SKEMALANGIT.COM – Tragedi kembali terjadi di lokasi pertambangan emas tanpa izin (PETI) di Kabupaten Gorontalo Utara (Gorut).
Seorang penambang, dilaporkan tewas setelah tertimbun material longsoran di area tambang ilegal yang beroperasi tanpa standar keselamatan kerja.
Peristiwa pertama di tahun 2026 ini, terjadi di lokasi PETI Desa Hulawa, Kecamatan Sumalata Timur, Kabupaten Gorut, Rabu, (28/01/2026) yang lalu.
Selang kurang lebih dua pekan kemudian, PETI di Kabupaten Gorut kembali dikabarkan menelan korban jiwa, Rabu (11/02/2026).
Kali ini, kabarnya lokasi peristiwa nahas tersebut berada di tapal batas Desa Bulontio Timur, Kecamatan Sumalata, atau yang dikenal dengan tambang emas Bahunta.

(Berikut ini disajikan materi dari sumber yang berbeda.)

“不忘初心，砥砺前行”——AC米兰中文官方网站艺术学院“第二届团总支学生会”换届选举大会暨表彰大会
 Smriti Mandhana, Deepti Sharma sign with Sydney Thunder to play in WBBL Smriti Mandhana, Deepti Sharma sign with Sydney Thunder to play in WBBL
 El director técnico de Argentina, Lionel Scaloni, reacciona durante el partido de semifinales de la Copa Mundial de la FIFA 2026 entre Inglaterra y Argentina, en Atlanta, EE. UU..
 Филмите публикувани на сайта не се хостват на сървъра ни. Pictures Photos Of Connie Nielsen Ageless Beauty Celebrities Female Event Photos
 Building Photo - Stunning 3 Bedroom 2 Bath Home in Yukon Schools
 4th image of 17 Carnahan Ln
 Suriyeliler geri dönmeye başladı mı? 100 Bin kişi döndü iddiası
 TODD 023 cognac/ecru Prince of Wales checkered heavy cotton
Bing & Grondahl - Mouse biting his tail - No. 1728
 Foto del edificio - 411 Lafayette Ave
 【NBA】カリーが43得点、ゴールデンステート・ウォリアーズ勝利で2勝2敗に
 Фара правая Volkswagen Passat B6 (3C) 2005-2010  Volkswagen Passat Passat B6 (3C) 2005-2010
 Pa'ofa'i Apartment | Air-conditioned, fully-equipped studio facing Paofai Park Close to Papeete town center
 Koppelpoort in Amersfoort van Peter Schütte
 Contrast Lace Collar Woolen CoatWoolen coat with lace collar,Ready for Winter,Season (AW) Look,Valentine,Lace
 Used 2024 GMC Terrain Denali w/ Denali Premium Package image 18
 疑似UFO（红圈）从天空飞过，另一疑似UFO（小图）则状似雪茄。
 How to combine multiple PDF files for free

Dari beberapa peristiwa berdarah dari hasil aktivitas PETI ini, kemudian menyulut sorotan publik yang mempertanyakan dimanakah pengawasan negara terhadap aktivitas tersebut.
Sorotan tajam itu, diantaranya datang dari salah satu aktivis, Ariksal Baharudin. Menurutnya, eksitensi PETI di Gorontalo, khususnya di Kabupaten Gorut telah menjadi ironi.
“Praktik PETI bukanlah fenomena baru. Aktivitas ini telah berlangsung bertahun-tahun dan kerap menelan korban, namun penindakan yang dilakukan aparat terkesan sporadis dan reaktif; baru bergerak setelah nyawa melayang,” tutur aktivis Alumni Unisan Gorontalo itu.
Padahal kata Ariksal, risiko kecelakaan kerja, longsor, dan paparan bahan berbahaya seperti merkuri sudah berulang kali diperingatkan oleh berbagai pihak.
“Di balik tragedi ini, terdapat persoalan struktural yang lebih dalam. Lemahnya pengawasan, minimnya penegakan hukum, serta terbatasnya alternatif mata pencaharian mendorong masyarakat terus bergantung pada tambang ilegal yang berisiko tinggi,” ungkapnya.
Ariksal menyebut, dalam setiap peristiwa yang terjadi, negara seolah hadir hanya sebagai pencatat korban, dan bukan sebagai pelindung terhadap warganya.
“Kematian di tambang emas ilegal bukan sekadar kecelakaan, melainkan cerminan kegagalan sistemik dalam mengelola sumber daya alam secara adil dan aman,” imbuhnya.
Ariksal menambahkan, tanpa langkah tegas, menyeluruh, dan berkelanjutan, tragedi serupa akan terus berulang.
“Dan nyawa manusia kembali menjadi harga yang harus dibayar mahal dari pembiaran yang berkepanjangan,” tutupnya.